**EXERCISE DETAILS:** Once the line containing "Tanzania Safari Itinerary" is found in the data below, output that line and every line after it through the last, unchanged and with nothing else.

Data excerpts
○ ○ ○
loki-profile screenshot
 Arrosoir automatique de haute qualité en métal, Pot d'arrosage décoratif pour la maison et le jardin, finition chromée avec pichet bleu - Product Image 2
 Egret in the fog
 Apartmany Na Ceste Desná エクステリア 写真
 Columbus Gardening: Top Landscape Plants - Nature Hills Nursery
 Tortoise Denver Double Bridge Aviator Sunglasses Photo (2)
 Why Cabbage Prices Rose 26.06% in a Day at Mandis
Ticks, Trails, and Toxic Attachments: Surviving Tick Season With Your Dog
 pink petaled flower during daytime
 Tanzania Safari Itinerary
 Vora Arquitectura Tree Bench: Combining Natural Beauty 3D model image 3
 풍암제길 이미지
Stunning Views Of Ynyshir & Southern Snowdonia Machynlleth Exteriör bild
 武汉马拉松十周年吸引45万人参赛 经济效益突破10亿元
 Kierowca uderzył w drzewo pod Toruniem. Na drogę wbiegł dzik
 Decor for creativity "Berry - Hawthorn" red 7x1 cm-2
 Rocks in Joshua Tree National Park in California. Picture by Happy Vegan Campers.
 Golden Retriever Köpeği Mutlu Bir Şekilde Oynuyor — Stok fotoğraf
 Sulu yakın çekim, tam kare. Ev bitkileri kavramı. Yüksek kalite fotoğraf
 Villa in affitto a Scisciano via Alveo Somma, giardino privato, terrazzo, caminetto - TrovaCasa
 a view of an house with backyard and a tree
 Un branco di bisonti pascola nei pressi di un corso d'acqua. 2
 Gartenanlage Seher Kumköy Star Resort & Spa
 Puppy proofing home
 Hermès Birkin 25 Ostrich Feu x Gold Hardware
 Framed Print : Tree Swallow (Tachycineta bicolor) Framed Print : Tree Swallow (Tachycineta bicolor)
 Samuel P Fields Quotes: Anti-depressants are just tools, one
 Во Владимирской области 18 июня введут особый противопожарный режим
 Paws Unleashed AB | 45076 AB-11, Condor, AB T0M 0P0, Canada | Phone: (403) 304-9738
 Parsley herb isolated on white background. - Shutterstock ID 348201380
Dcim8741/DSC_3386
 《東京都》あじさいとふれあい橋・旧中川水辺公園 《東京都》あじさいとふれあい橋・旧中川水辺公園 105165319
○ ○ ○
**RESULT OF THE EXERCISE:**
 Tanzania Safari Itinerary
 Vora Arquitectura Tree Bench: Combining Natural Beauty 3D model image 3
 풍암제길 이미지
Stunning Views Of Ynyshir & Southern Snowdonia Machynlleth Exteriör bild
 武汉马拉松十周年吸引45万人参赛 经济效益突破10亿元
 Kierowca uderzył w drzewo pod Toruniem. Na drogę wbiegł dzik
 Decor for creativity "Berry - Hawthorn" red 7x1 cm-2
 Rocks in Joshua Tree National Park in California. Picture by Happy Vegan Campers.
 Golden Retriever Köpeği Mutlu Bir Şekilde Oynuyor — Stok fotoğraf
 Sulu yakın çekim, tam kare. Ev bitkileri kavramı. Yüksek kalite fotoğraf
 Villa in affitto a Scisciano via Alveo Somma, giardino privato, terrazzo, caminetto - TrovaCasa
 a view of an house with backyard and a tree
 Un branco di bisonti pascola nei pressi di un corso d'acqua. 2
 Gartenanlage Seher Kumköy Star Resort & Spa
 Puppy proofing home
 Hermès Birkin 25 Ostrich Feu x Gold Hardware
 Framed Print : Tree Swallow (Tachycineta bicolor) Framed Print : Tree Swallow (Tachycineta bicolor)
 Samuel P Fields Quotes: Anti-depressants are just tools, one
 Во Владимирской области 18 июня введут особый противопожарный режим
 Paws Unleashed AB | 45076 AB-11, Condor, AB T0M 0P0, Canada | Phone: (403) 304-9738
 Parsley herb isolated on white background. - Shutterstock ID 348201380
Dcim8741/DSC_3386
 《東京都》あじさいとふれあい橋・旧中川水辺公園 《東京都》あじさいとふれあい橋・旧中川水辺公園 105165319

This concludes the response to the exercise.